2016年06月10日 | Weblog
晴れていたが昼過ぎ雨が急に降りまた晴れ

梅雨どきは特に晴れ間さえあれば洗濯をしたいので、天気予報に意識的になる。
洗濯機が洗ったりすすいだり、働く音を聞いていて、全部手洗いだった時代があったのかとシリアルを食べながら月に何度か届く市民新聞や軽く読める本を読む。
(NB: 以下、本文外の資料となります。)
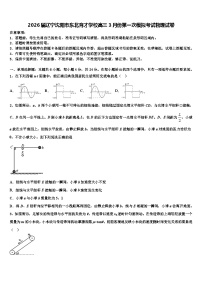 2026届辽宁沈阳市东北育才学校高三3月份第一次模拟考试物理试卷含解析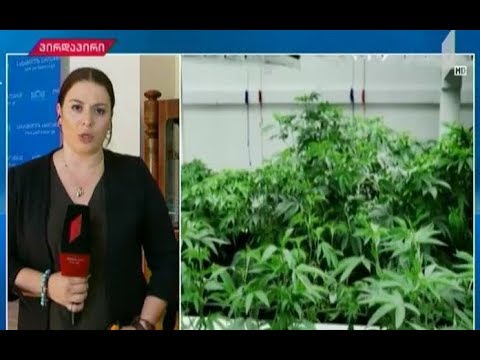 კონსულტაციები მარიხუანის კულტივირების საკითხზე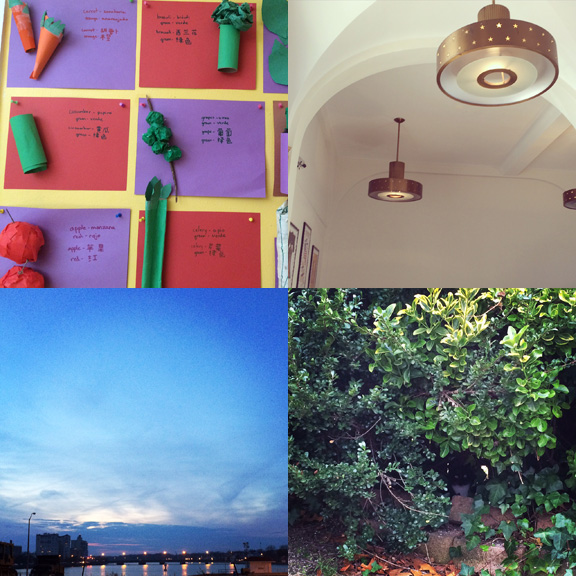 1) A visit to school. 2) A visit to mail. 3) A visit to Deal Lake. 4) A visitor in our backyard. 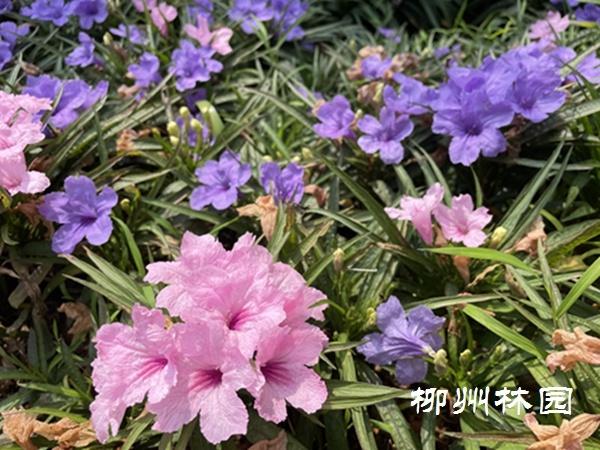 「绿化处」缤纷的地毯——矮生翠芦莉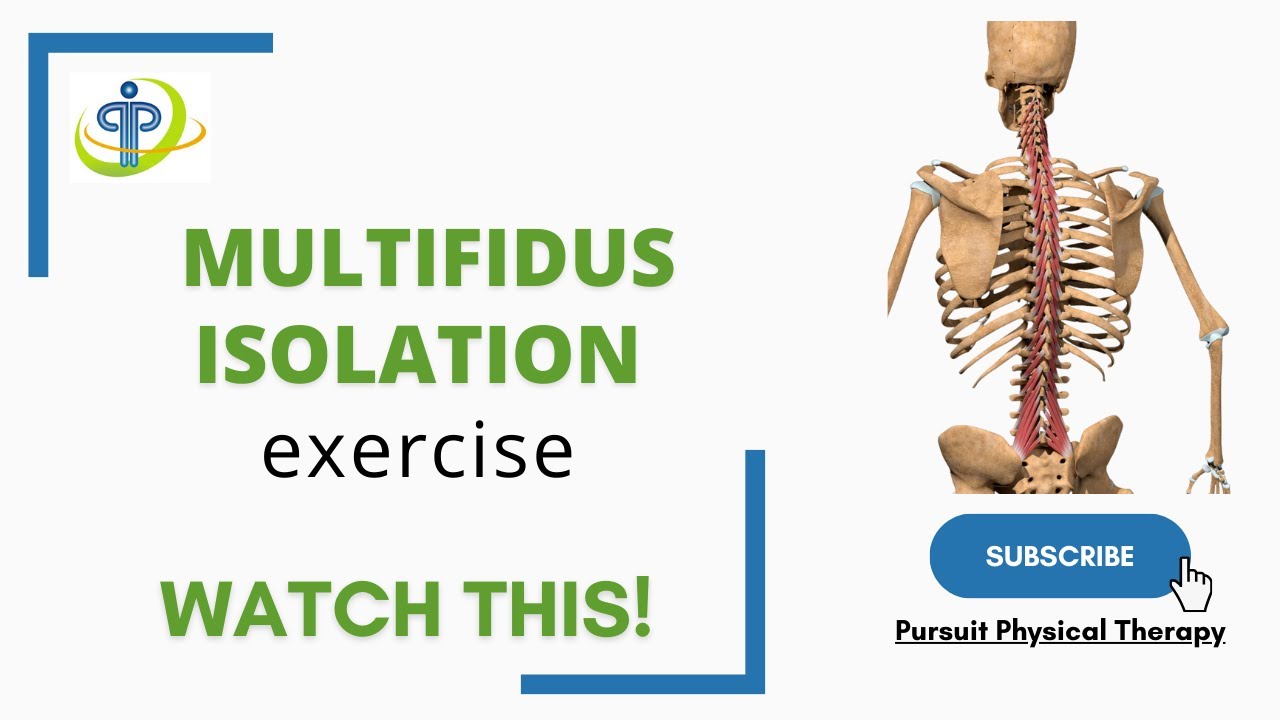 Multifidus isolation exercise | Pursuit Physical Therapy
誰だったか詩人が、書きたいものを書ける訳ではなく、書けるものしか書けない。けれど読むものを選ぶ自由がある。というようなことを書いていて、確かにそうだと思った。読んだものが即自分の語彙になるわけではないけれど、言葉の選択やひとつの事柄を言うのにどれくらいの言葉を費やすか、スピード感や密度、語り口、そういうものの集積が自分の文体を構成していく。
というのは確かだと思う。
最近写真を撮っているけれど、それと同様なことが写真にもある。何に目を向けるか、視線の方向と切り取り方の多様さは人の目から教わった。昨夜、東松照明やアラーキーの写真集を改めて眺めていて、私は特にアラーキーの撮る都市や街がとても好きだと思った。いろんなものを撮る人だし、くどくてあんまり見ていられないものもあるけれど、アラーキーに撮られた都市や街の澄んでいること。そこにある音や声やにおいから切り離された、ただただ写真である像の持つ力がある。写っているもののおもしろさに加担したり助長するようにシャッターを切っているのではなくて、あるものをあるがままに撮っているのに、写真でしかできないことをやるのはこういうことだと思わせられる説得力がある。何というか、撮り手の作為が写り込んでいない。もちろんアングルから何から選び抜かれ、またその選び抜いたことさえも検証されているはずで、撮るという作為以外の何物でもないはずなのに。